(Short web captions)
──────
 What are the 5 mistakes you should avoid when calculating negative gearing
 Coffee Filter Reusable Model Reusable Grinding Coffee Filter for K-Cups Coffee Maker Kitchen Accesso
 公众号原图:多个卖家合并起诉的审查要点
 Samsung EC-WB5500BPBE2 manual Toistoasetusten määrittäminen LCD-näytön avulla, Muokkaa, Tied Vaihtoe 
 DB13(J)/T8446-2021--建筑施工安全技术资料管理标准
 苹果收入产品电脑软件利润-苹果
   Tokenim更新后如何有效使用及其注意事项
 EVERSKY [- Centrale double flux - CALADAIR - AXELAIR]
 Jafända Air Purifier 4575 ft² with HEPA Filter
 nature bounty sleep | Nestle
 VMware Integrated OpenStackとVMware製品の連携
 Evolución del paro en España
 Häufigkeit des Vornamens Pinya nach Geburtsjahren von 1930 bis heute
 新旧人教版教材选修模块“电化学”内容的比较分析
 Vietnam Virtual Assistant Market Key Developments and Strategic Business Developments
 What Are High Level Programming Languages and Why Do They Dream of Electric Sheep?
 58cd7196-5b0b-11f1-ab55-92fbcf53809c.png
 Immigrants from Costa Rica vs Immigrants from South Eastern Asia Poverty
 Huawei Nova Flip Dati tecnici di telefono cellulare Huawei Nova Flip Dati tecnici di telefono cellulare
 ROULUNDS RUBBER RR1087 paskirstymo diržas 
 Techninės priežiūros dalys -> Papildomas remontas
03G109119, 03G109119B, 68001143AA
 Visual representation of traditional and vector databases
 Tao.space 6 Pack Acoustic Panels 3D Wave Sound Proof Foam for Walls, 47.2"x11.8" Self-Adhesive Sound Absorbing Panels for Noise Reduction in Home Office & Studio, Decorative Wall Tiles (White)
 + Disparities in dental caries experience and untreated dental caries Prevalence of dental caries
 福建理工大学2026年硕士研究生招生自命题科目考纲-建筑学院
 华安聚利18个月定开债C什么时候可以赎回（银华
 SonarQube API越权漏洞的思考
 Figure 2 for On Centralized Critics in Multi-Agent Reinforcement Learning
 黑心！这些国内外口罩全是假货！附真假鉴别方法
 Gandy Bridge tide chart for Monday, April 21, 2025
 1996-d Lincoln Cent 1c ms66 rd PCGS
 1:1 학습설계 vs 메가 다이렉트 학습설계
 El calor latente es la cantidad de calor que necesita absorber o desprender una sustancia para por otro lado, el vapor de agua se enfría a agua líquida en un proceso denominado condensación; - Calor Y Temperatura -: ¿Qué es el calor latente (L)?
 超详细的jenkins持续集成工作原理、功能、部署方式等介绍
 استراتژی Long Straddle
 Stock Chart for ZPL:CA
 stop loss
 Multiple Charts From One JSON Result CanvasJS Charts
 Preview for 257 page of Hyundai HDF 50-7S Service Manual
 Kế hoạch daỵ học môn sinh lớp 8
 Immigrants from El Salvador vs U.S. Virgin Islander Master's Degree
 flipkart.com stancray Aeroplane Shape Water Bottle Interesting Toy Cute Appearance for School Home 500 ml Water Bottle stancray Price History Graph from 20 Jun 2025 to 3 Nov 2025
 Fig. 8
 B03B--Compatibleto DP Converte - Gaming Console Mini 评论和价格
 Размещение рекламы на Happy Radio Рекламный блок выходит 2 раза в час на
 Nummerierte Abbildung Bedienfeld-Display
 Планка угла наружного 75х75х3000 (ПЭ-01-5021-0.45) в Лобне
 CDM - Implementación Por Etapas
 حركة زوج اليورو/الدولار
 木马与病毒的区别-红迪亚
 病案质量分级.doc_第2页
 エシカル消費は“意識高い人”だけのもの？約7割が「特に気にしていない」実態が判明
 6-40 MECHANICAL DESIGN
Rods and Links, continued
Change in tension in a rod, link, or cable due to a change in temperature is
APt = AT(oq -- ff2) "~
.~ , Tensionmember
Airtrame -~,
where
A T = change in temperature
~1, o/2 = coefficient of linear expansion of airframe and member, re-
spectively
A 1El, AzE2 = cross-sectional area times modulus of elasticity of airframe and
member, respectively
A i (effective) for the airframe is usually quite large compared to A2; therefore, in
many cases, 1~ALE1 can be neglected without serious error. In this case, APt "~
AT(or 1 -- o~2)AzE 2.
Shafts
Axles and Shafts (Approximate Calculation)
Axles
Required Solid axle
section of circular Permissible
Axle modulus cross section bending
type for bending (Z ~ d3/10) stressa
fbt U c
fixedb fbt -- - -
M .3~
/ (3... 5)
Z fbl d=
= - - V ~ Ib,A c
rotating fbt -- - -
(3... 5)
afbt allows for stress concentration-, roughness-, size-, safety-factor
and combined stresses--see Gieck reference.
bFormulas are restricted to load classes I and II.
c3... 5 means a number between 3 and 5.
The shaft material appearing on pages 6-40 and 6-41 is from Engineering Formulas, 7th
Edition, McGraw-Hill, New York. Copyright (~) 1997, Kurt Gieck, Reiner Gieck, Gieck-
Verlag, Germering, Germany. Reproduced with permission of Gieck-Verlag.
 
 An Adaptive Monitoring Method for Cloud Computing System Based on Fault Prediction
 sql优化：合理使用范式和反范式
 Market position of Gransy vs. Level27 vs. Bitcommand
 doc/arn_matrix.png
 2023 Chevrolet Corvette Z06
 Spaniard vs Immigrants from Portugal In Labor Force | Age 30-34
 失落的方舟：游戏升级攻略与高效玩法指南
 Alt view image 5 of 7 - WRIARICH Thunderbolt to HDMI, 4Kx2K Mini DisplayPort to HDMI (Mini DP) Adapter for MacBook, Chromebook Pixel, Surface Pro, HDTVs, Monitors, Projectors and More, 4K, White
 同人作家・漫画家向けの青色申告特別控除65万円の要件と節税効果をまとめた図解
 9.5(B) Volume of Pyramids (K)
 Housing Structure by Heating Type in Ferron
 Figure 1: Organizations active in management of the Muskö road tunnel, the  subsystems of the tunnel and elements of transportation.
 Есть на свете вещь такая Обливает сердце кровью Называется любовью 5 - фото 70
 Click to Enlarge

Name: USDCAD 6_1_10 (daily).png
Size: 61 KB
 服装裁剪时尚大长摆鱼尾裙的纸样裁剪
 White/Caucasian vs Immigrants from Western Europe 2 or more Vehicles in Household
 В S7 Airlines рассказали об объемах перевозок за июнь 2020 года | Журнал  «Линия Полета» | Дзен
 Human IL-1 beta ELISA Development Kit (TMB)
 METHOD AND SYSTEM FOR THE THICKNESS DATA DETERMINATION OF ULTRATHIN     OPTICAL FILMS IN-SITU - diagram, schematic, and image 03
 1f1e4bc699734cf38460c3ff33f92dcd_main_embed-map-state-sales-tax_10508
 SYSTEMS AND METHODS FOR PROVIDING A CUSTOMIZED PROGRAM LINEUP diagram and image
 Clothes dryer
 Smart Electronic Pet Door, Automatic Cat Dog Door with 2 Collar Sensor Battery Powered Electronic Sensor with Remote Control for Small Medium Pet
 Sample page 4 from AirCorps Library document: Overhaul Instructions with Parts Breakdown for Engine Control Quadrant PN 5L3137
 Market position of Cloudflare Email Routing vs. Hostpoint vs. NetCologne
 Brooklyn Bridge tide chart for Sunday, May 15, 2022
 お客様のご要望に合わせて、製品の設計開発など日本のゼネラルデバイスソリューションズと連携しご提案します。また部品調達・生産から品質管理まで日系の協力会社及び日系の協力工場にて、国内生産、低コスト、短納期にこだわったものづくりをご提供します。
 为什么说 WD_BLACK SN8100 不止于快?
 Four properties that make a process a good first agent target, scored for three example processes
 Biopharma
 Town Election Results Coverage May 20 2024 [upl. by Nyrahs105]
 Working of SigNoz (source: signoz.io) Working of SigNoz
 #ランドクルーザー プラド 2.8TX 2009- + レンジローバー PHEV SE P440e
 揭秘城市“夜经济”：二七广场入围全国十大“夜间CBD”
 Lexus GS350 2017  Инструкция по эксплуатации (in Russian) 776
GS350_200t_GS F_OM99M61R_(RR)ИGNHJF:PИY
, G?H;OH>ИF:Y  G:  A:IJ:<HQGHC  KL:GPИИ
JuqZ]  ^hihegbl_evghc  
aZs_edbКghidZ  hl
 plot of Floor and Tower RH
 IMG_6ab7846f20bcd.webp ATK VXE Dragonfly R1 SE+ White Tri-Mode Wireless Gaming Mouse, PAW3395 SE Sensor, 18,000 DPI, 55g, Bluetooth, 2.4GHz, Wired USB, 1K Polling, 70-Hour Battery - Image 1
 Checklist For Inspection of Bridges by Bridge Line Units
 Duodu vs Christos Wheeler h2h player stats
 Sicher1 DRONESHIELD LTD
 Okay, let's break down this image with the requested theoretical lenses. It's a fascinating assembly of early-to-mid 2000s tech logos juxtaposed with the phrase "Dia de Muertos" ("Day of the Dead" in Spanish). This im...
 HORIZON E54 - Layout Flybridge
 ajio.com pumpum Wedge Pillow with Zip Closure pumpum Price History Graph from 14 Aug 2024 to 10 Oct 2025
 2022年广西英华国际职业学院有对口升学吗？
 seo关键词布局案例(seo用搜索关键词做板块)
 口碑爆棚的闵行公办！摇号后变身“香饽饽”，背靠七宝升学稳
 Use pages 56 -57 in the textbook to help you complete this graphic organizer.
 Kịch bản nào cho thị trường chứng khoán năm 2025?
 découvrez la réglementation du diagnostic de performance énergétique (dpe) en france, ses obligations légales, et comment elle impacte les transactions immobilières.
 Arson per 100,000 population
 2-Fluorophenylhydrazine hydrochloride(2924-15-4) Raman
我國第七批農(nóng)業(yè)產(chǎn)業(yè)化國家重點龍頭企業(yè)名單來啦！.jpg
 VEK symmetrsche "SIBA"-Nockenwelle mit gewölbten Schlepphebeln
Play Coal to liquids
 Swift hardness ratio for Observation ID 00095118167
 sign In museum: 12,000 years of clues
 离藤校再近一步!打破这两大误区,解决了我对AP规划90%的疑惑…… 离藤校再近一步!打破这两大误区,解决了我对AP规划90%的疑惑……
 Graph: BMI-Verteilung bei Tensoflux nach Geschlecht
──────
**Your task**
Sift the data above for lines with "cross", then copy each one.

**Exercise solution**
A 1El, AzE2 = cross-sectional area times modulus of elasticity of airframe and
Axle modulus cross section bending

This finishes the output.